In unserem Zimmer im Flughafenhotel trank ich nur noch ein Glas Wasser, stellte fest, wo sich die Lichtschalter befanden, und fiel ins Bett. Irgendwann, zu einer zeitlosen Nachtstunde wachte ich auf. Aama war nicht im Zimmer. Nur ein paar Falten auf der Überdecke des anderen Bettes zeigten, wo sie sich zusammengerollt hatte. Ich lag ruhig da und lauschte auf Geräusche aus dem Bad. Leise kam sie ins Zimmer zurück mit weit geöffneten Augen.
»Da drin ist noch eine andere Gurung-Frau«, sagte sie flüsternd, als wollte sie die Frau nicht stören. Sie winkte mich zur Tür, vergewisserte sich, daß ich wirklich hinter ihr stand, spähte hinein und trat langsam vor.
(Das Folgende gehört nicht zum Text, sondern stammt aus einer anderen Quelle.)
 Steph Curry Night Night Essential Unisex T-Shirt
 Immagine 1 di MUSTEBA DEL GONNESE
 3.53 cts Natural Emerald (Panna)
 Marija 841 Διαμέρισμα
Ein hell beleuchteter Spiegel spannte sich über die ganze Breite der beiden Waschbecken. Sie starrte mutig hinein, diesmal mit mehr Zutrauen als beim erstenmal. Je mehr die Frau im Spiegel lächelte, desto breiter grinste Aama zurück - in einer Wechselreaktion, die ihre Gesichtszüge beinahe explodieren ließ. Selbstverständlich hatte sie sich jetzt im Spiegel erkannt, aber es war ganz einfach ein Schock, sich in dem fluoreszierenden Licht unverhüllt entgegenzutreten, nachdem wir in den letzten 24 Stunden fast nur hellhäutige, merkwürdig gekleidete Ausländer gesehen hatten. Diesen Realitätstest kannte ich gut. Wenn ich mich nach einem monatelangen Aufenthalt in einem nepalesischen Dorf plötzlich in einem Spiegel sah, war ich verblüfft, wie unnatürlich weiß, groß und unvorteilhaft ich aussah. Meine blauen Augen schienen flach und wäßrig und leicht zu durchschauen.
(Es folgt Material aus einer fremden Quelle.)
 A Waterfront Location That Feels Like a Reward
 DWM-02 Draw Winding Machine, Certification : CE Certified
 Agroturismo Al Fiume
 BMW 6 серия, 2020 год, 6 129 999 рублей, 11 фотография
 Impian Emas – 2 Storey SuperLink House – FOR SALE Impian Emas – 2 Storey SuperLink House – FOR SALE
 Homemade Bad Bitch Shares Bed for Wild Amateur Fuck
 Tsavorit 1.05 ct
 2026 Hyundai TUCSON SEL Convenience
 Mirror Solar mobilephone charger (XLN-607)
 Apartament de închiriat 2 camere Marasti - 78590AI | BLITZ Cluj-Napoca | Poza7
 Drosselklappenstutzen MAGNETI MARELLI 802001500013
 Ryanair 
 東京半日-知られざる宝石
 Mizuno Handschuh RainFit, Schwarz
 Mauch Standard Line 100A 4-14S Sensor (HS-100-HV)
Ich dachte an Didis Augen, die blauer waren als meine; sie schillerten weich wie die eines Babys. Es schien lange her zu sein, seit wir Katmandu verlassen hatten, und ich freute mich darauf, sie wiederzusehen. Dann tauchten in meinem Geist Bilder von jener anderen Frau auf, der ich wahrscheinlich in den Vereinigten Staaten begegnen würde.
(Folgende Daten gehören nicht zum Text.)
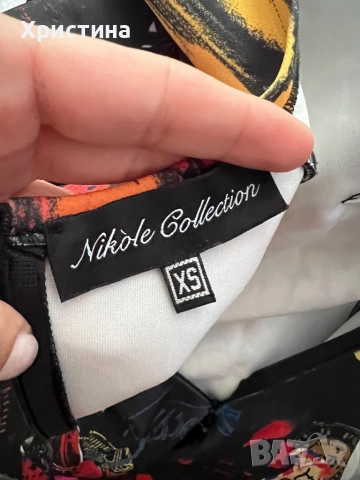Nikole Colection , снимка 2 - Рокли - 51866745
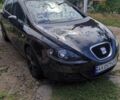 Черный Сеат Леон, объемом двигателя 1.6 л и пробегом 219 тыс. км за 5900 $, фото 10 на Automoto.ua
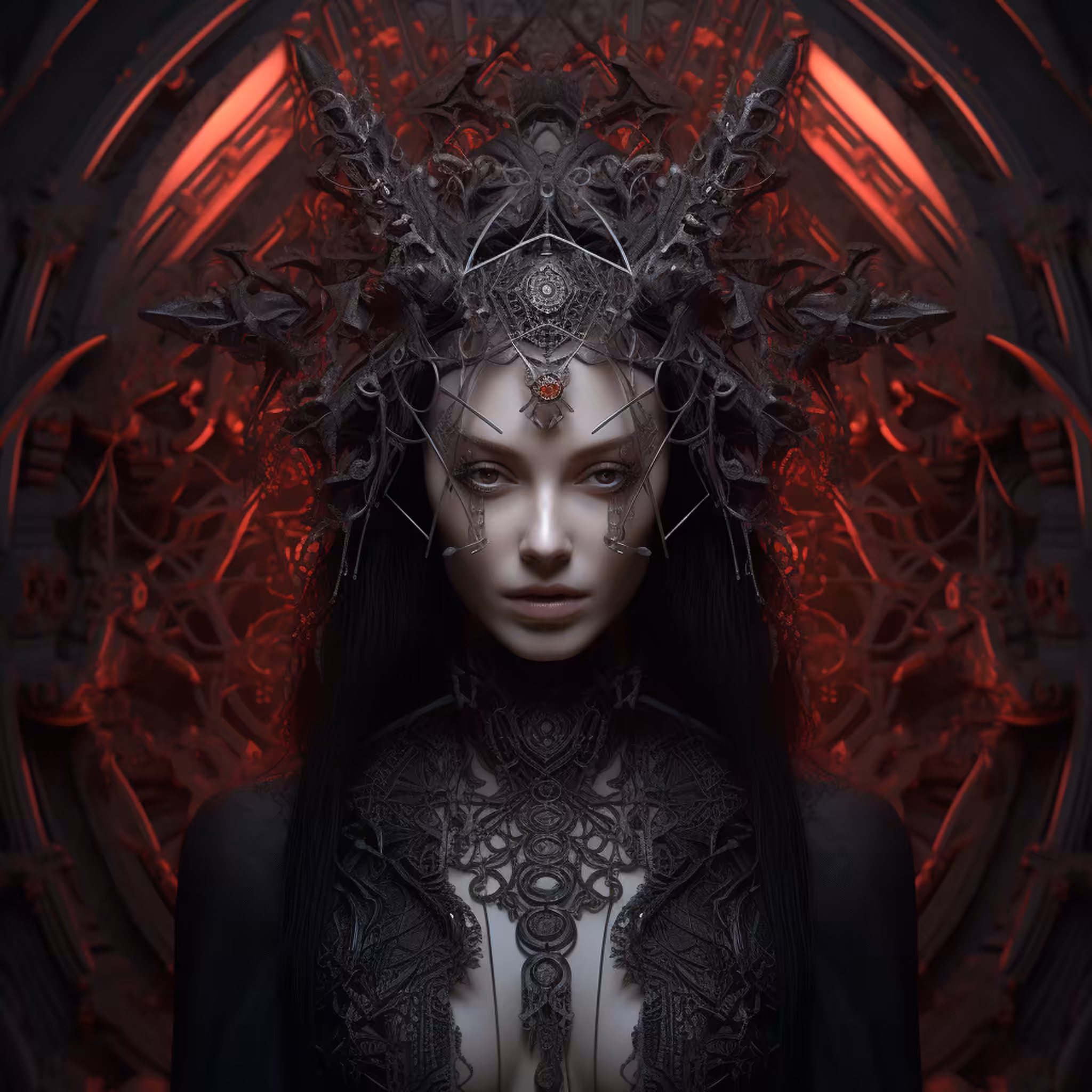 Occult Series #48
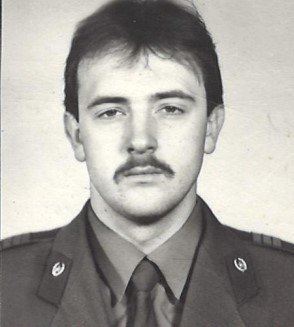 СЕМЕНІК Леонід Іванович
Aama hielt im Flugzeug ein Nickerchen, während ich in Tokio ausstieg, um in der Transithalle nach Didi zu suchen. Eine Amerikanerin sprach mich an, als ich in die Halle trat. Sie war mir auf unserem Flug von Bangkok aufgefallen.
»Entschuldigen Sie, aber warum fährt diese alte Frau in die Vereinigten Staaten?« erkundigte sie sich.
»Sie hat dort Geschäfte zu tätigen, die sich mit Fax einfach nicht bewerkstelligen lassen«, erklärte ich im Tonfall eines Roadmanagers, aber meinen Worten haftete die Zeitverzögerung an, und sie klangen, als würden sie durch eine Klopapierrolle gesprochen. Die Dame lachte trotzdem, und ich erzählte ihr Aamas Geschichte beziehungsweise einen Teil davon, während ich mit den Augen nach Didi suchte. Die Frau lächelte und wünschte uns aufrichtig Glück, eine Art amerikanischer Segen. Aber aus irgendeinem Grund war ich nervös.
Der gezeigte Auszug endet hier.